Questions: Is obscenity utterance/included within the area of protected speech and press? Are these actions excludable from the full protection of guaranties because they encroach upon the limited area of more important interests? When and where is the line between sex and obscenity drawn? How far and on what terms should the state and federal government have power to punish individuals for disseminating books, magazines, or other materials considered to be undesirable because of their nature of supposed deleterious effect upon human conduct?
Ruling: The court ruled 6-3 in Roth and 7-2 in Alberts.
Opinion of the Court (Brennan): Roth had already been convicted on 4 counts of a 26-count indictment charging him with mailing obscene circulars advertising, and an obscene book, in violation of the federal obscenity statute. “The federal obscenity statute does not itself contain as express definition of obscenity. However, in the landmark case of Miller V. California, 413 U.S. 15 (1973), the Supreme Court established a test/definition of obscenity that is now implicitly incorporated into the federal statute: (a) whether “the average person, applying contemporary community standards” would find the work, taken as a whole, appeals to the prurient interest; (b) whether the work depicts or describes, in a patently offensive way, sexual conduct specifically defined by the applicable state or federal law; and (c) whether the work, taken as a whole, lacks serious literary, artistic, political, or scientific value.-
Alberts was convicted under a misdemeanor complaint that charged him with lewdly keeping for sale obscene and indecent books, and with writing, composing and publishing an obscene advertisement of them, in violation of the California Penal Code. Both of these convictions were confirmed.
Sex and obscenity are not synonymous and it is the court's duty to set landmarks in order to control obscenity while still keeping in mind the guaranties of the first amendment.
Concurring Opinion (Warren): The line between pornographic and sexual is hard to distinguish; it is not a precise science. Present laws depend mainly on the reaction of the recipients of this sexually oriented information or whatever it may be. However, one has to keep something in mind, the conduct of the defendant is the central issue, not the obscenity of a book or picture.
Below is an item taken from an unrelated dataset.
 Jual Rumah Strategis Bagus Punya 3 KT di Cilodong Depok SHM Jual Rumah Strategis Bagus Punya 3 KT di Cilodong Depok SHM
The nature of the materials is, of course, relevant as an attribute of the defendant’s conduct, but the materials are thus placed in context from which they draw color and character.
Concurring in part and dissenting in part opinion (Harlan): Concurring in the case of Alberts v People of California, this distribution of obscene materials in this case is not protected by rights guarantied in the first amendment because they served to deprave and corrupts the reader. Dissenting in the case of Roth v. United States, the domain of sexual morality is pre-eminently a matter of state concern and this court should not interfere with state legislation calculated to protect that morality.
Dissenting opinion (Douglas and Black): The First Amendment, its prohibition in terms absolute, was designed to preclude courts as well as legislatures from weighing the values of speech against silence. The First Amendment puts free speech in the preferred position.